What you will do
Copy out the full data exactly as given; pictures should not be included.

Study material
• • •

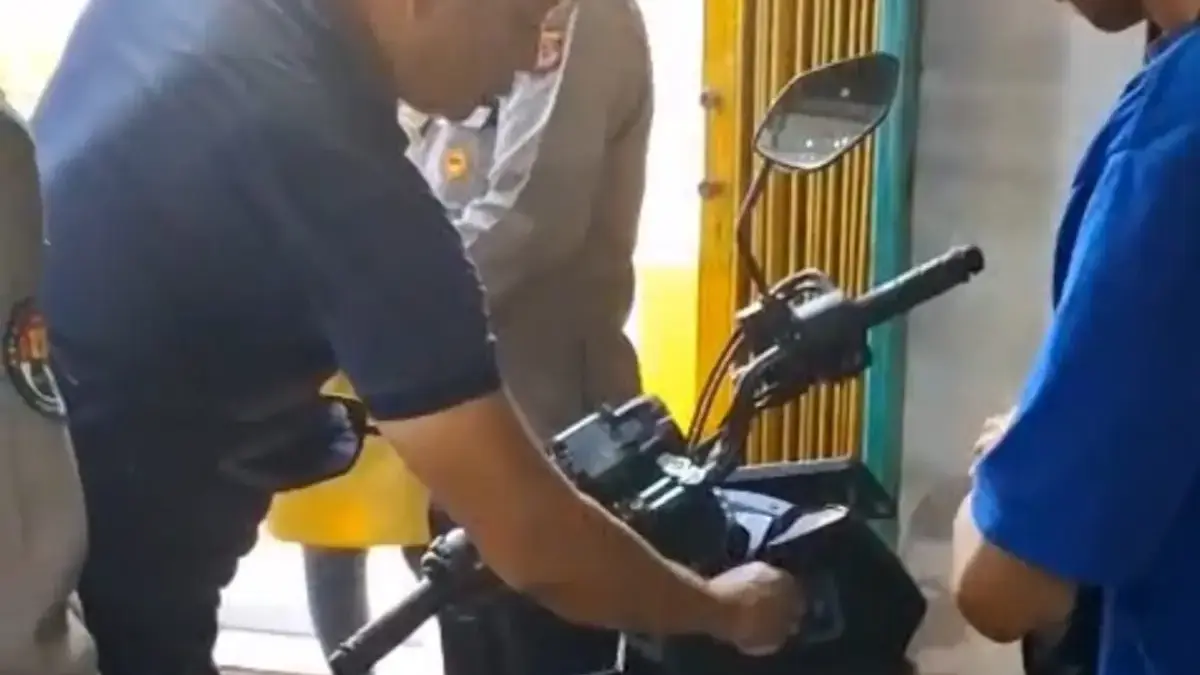 Polisi Gagalkan Percobaan Curanmor di Kedung Badak Bogor, Dua Pelaku Melarikan Diri Polisi Gagalkan Percobaan Curanmor di Kedung Badak Bogor, Dua Pelaku Melarikan Diri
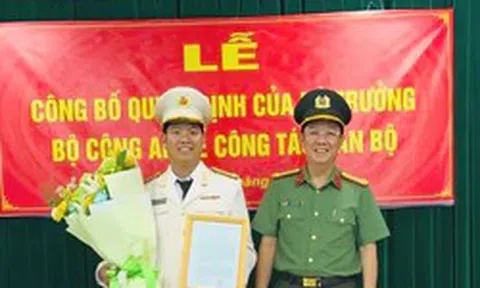 Công bố quyết định của Bộ trưởng Công an về công tác cán  bộ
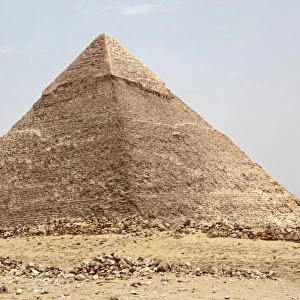 Pyramid of Khafre in Cairo, Egypt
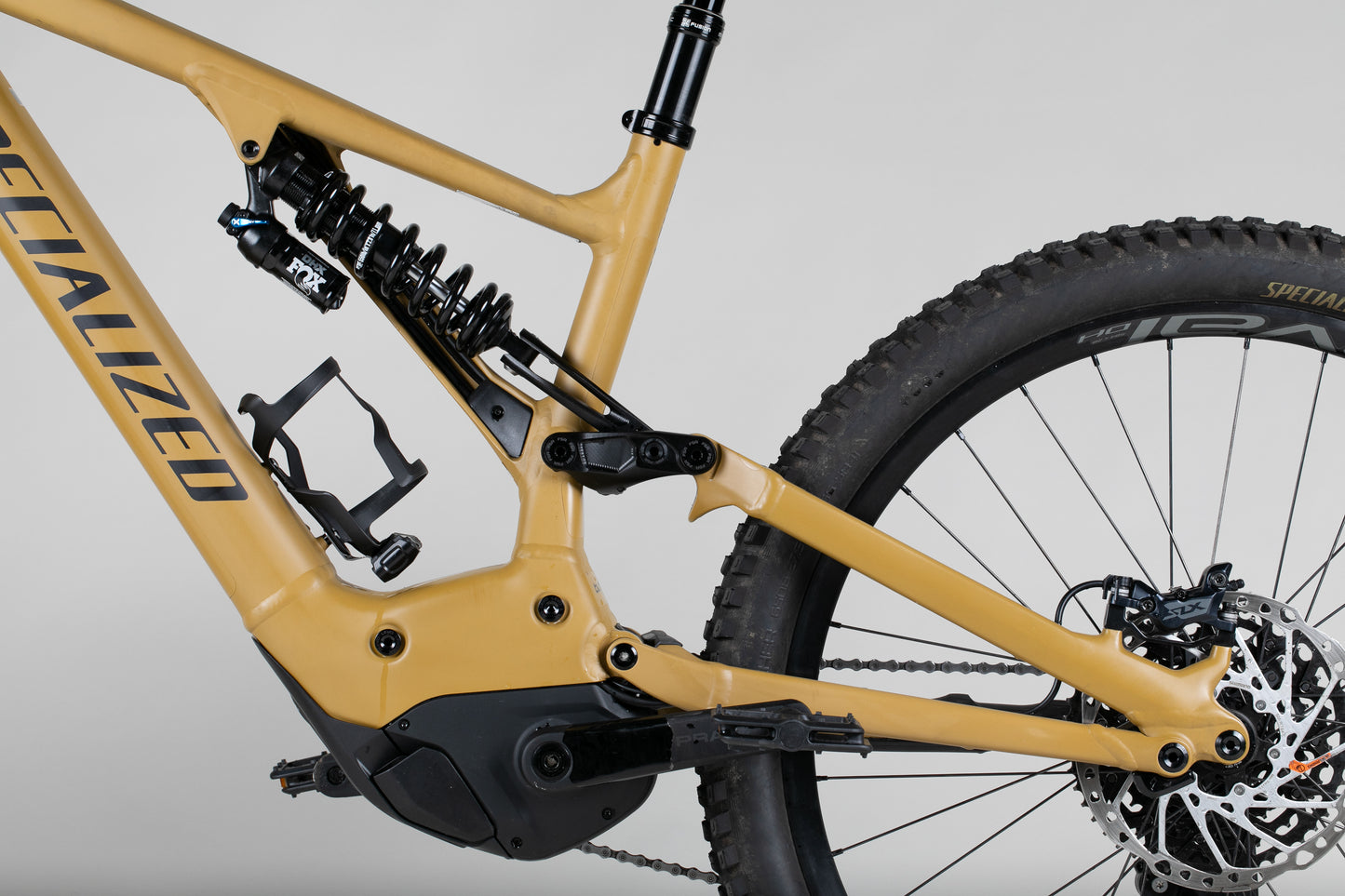 Specialized Turbo Kenevo Comp - käytetty sähköpyörä 173-188 cm ajajalle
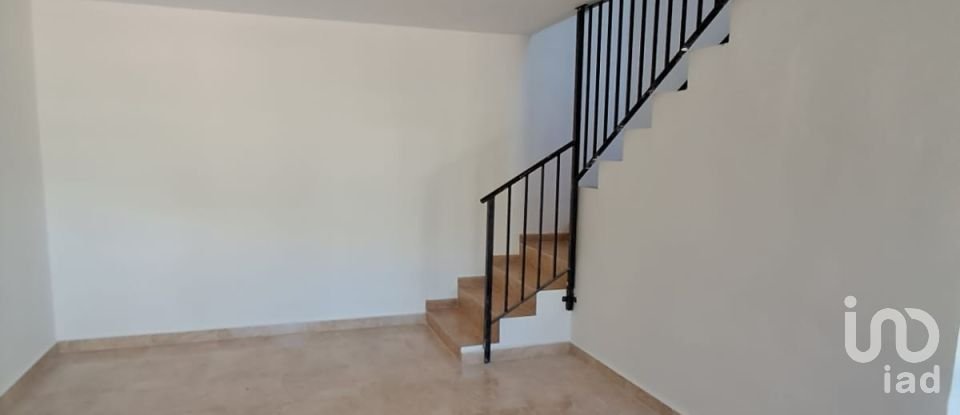 Casa rústica 3 habitaciones de 120 m² en Alcanara (30813)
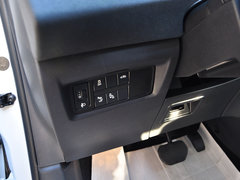 DS 5LS 2014款 1.6T 自动 尊享版 THP200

• • •

Exercise output
 Polisi Gagalkan Percobaan Curanmor di Kedung Badak Bogor, Dua Pelaku Melarikan Diri Polisi Gagalkan Percobaan Curanmor di Kedung Badak Bogor, Dua Pelaku Melarikan Diri
 Công bố quyết định của Bộ trưởng Công an về công tác cán  bộ
 Pyramid of Khafre in Cairo, Egypt
 Specialized Turbo Kenevo Comp - käytetty sähköpyörä 173-188 cm ajajalle
 Casa rústica 3 habitaciones de 120 m² en Alcanara (30813)
 DS 5LS 2014款 1.6T 自动 尊享版 THP200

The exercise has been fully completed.